PEOPLE EX REL. SUSSEN v. Keller

JUSTICE COOK,

dissenting:

I respectfully dissent. The majority concludes that the trial court did not abuse its discretion by concluding that Keller had the ability to pay for David’s educational expenses but did abuse its discretion by directing Keller to pay for the school of David’s choice when an adequate public school was available. Reevaluating the evidence, the majority concludes that Sussen did not present evidence that the extra $17,345 it would cost for David to go to Lincoln was reasonable, necessary, or appropriate. I disagree.

Sussen presented evidence that the Lincoln program lasted only 15 months and focused solely on David’s area of interest, high-performance automotive technology, and that two well-known companies recruited from Lincoln. On the other hand, Shawnee would take at least 24 months to complete and would involve taking general-education courses, and no evidence suggested that Shawnee offered a high-performance program or that top automotive companies recruited Shawnee graduates.

Custodial parents are not free to choose a more expensive school without reason. As the majority noted, choosing a more expensive school is only appropriate if the custodial parent shows that “(1) special programs or attributes of the school make the additional costs reasonable under the circumstances or (2) the more expensive school was necessary or more appropriate for the child.” 382 Ill. App. 3d at 881, citing Schmidt, 292 Ill. App. 3d at 239-40, 684 N.E.2d at 1362-63. Such restrictions are necessary to prevent cases where a custodial parent may abuse his or her position of decision-making authority by allowing a child to choose a more expensive school without good reason and then stick the noncustodial parent with a larger bill.
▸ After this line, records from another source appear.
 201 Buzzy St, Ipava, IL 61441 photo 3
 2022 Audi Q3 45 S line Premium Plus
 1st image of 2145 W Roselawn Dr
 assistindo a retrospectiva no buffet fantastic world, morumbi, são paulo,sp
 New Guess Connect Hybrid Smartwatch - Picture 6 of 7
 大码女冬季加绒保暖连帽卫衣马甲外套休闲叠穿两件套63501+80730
This does not appear to be a case where the child is ambivalent about where he wants to go to college, so the custodial parent picks the more expensive school to stick the noncustodial parent with a larger bill. First, Sussen and David together are paying two-thirds of the more expensive school. Sussen, a single mother who also cares for a 12-year-old daughter for whom she receives no child support and who clearly does not make more than $26,000 a year, is not financially able to pick an expensive school just to spite Keller. David found a school that fit his career choice and presented the court with a reasonable explanation as to why the more expensive school was more appropriate for him.

Second, Sussen and David are not asking that Keller pay a great amount more. According to the majority’s figure, they are asking for Keller to pitch in $5,781 more (one-third of the extra $17,345 it would cost for David to go to Lincoln), so that David may go to the school more tailored to his aspirations.
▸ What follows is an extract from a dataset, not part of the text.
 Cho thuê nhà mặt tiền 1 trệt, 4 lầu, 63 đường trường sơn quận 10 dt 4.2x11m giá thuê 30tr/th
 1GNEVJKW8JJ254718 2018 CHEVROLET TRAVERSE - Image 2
Finally, the evidence shows that David wants to be an automotive mechanic who works with high-performance automotive technology. If he were forced to go to Shawnee, he would have to take nonautomotive courses and attend for nine more months, and he could not focus on high-performance technology. The trial court concluded that the evidence showed that Lincoln offers special programs or has attributes that made the additional costs reasonable or at least that the school was more appropriate for David’s chosen career path, justifying the added costs. This decision was not an abuse of discretion.
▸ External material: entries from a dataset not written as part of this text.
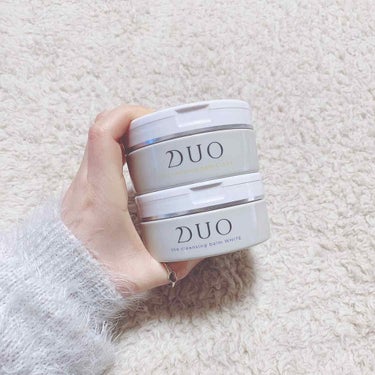 DUO ザ クレンジング バーム
the cleansing balm

独自の技術により、クレンジング・洗顔・角質ケア・マッサージケア・トリートメントの５つの機能を兼ね備えた画期的なクレンジング

「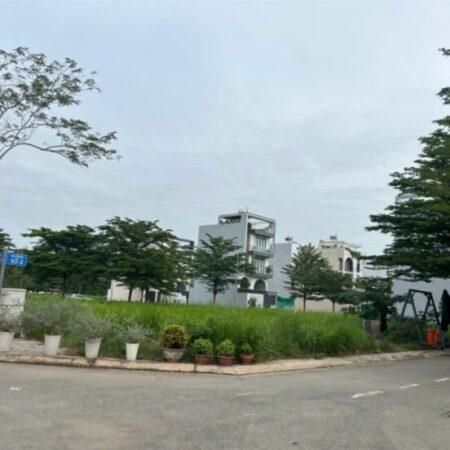 Sốc, đất sổ đỏ 94m giá chỉ 5.3 tỷ ở đường Đào Sư Tích, hẻm xe hơi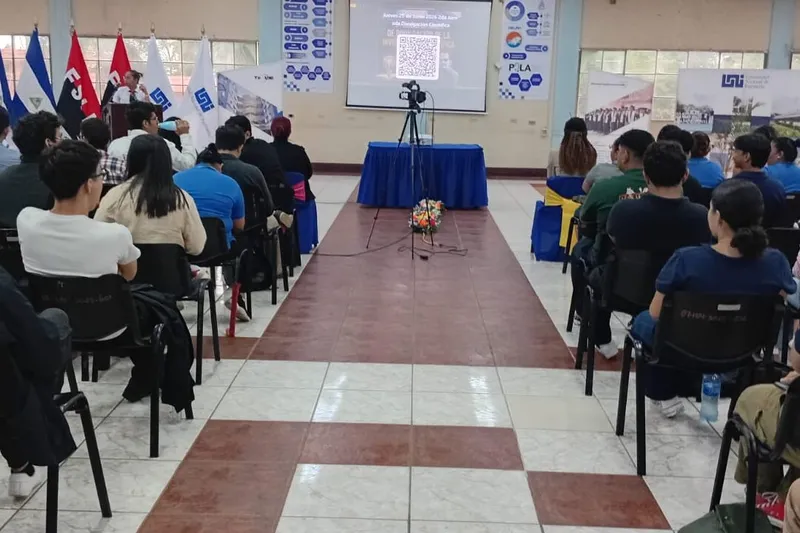 Estudiantes de ingeniería presentan proyectos para el país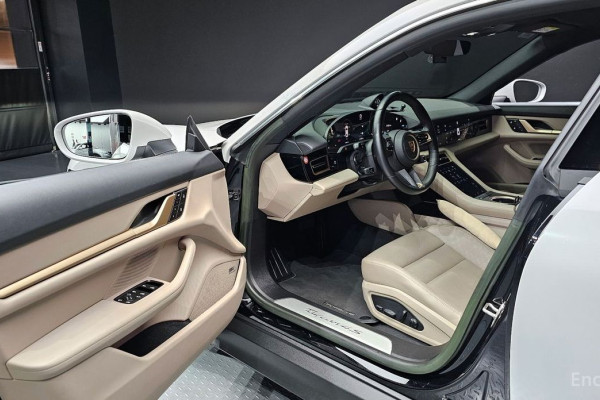 2023 Porsche Taycan с пробегом 31 859 км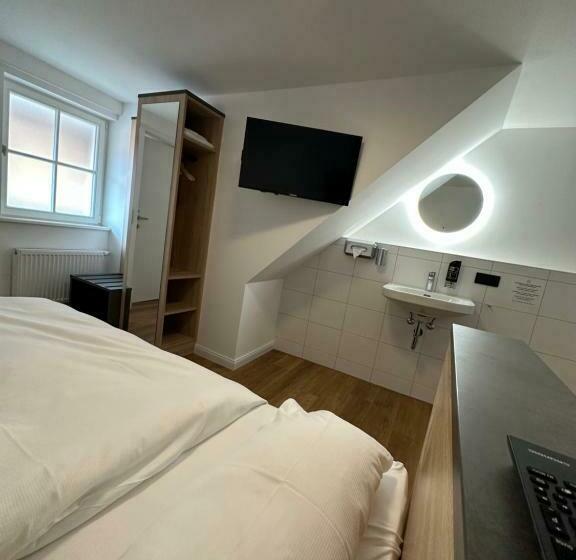 Economy Yhden Hengen Huone, Hopfenhotel Am Adenauerufer
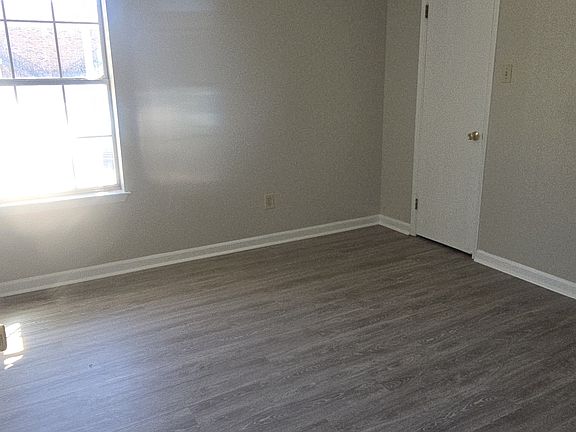 5th image of 2804 34th Ave APT E3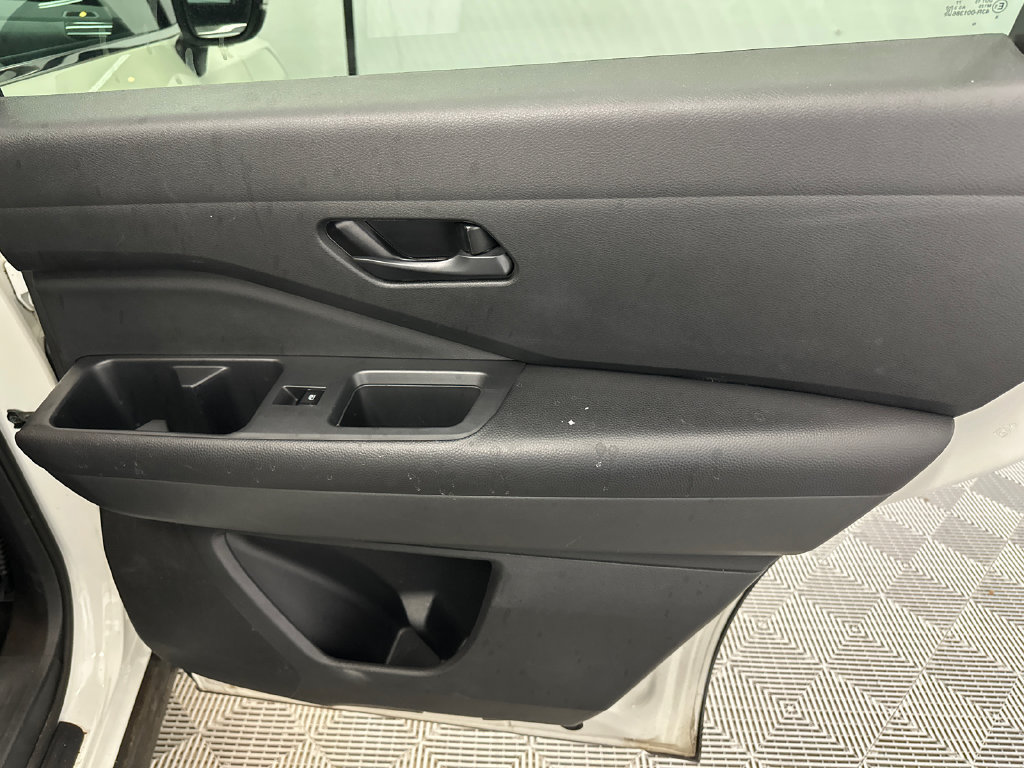 Used 2024 Nissan Pathfinder SV AWD/4WD image 17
While Sussen and David could have aided their case had they presented more evidence regarding the special traits of Lincoln’s program and how it was more appropriate given David’s ambitions, their failure to do so should not be fatal. Sussen and David presented enough evidence to find that it was necessary or appropriate for David to attend Lincoln. When some evidence is present to support a trial court’s decision, this court should not reweigh that evidence in order to reverse.